Rationale: To conduct PCR on the lysate

Procedure:

• The lysate was taken out of the shaking incubator.
• One mL of unfiltered lysate was taken out and placed in another tube.
• Then, it was placed in a centrifuge at 10,000 g for 10 minutes.
• After, the supernatant was taken out, carefully avoiding the pellet that formed at the bottom.
• The supernatant was then boiled for 10 minutes,
• After boiling, 2 µL of the enriched lysate ( in each of the three tubes) was added to the 2X Master Mix (12.5 µL of Taq polymerase and dNTP)
• 4 µL of primer was added to their respective tubes.
• 4.5 µL of ddH2O was added to each tube.

Results and Analysis:

Rather than putting 1 µL of enriched lysate solution, 2 µL were put into the primers.

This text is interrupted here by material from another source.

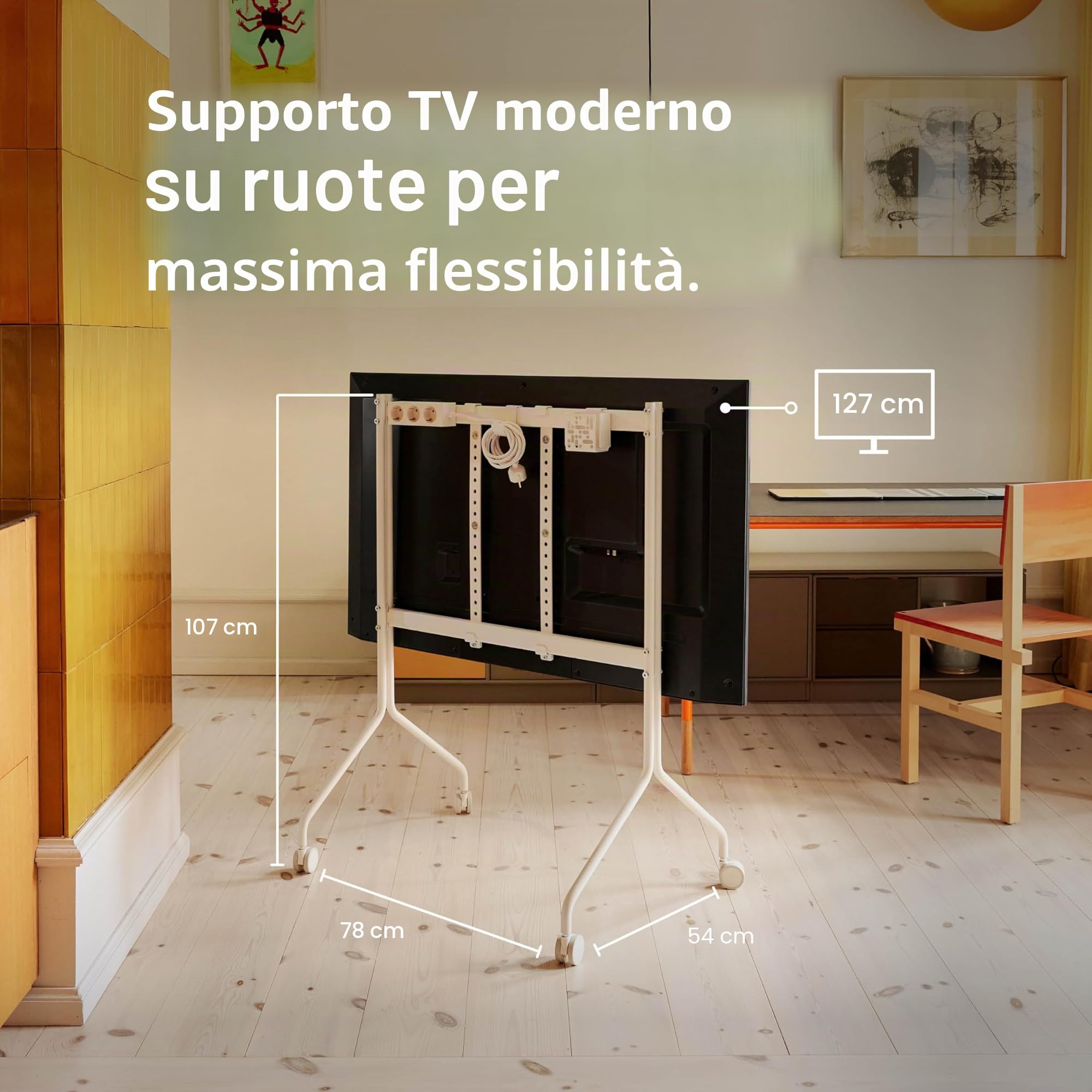 Pedestal Moon Rollin' Porta TV con Ruote | Piedistallo TV Moderno per Soggiorno | Carrello TV dal Design Danese | Mobile tv con Ruote | Porta TV dal Design Danese (Beige) | Supporto TV con ruote, carrello TV, supporto TV arrotolabile, rialzo TV per soggio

This time, a clear tack was used rather than a dyed one. When doing gel electrophoresis, the dye must be added to the primer.

Conclusion:

Because there were no phages on the plates, another approach to check for phages was taken. The first step to conduct PCR was to boil the enriched lysate was 95 degrees Fahrenheit. Then, 1 µL of the enriched lysate was added to the 2X Master Mix along with 6.5 µL of ddH2O. Primer was added to their respective tube. This was conducted three times, adding each component in equal volumes.

Future Plans:

In the future (10/31/18), gel electrophoresis will be performed using the lysate samples treated with primer.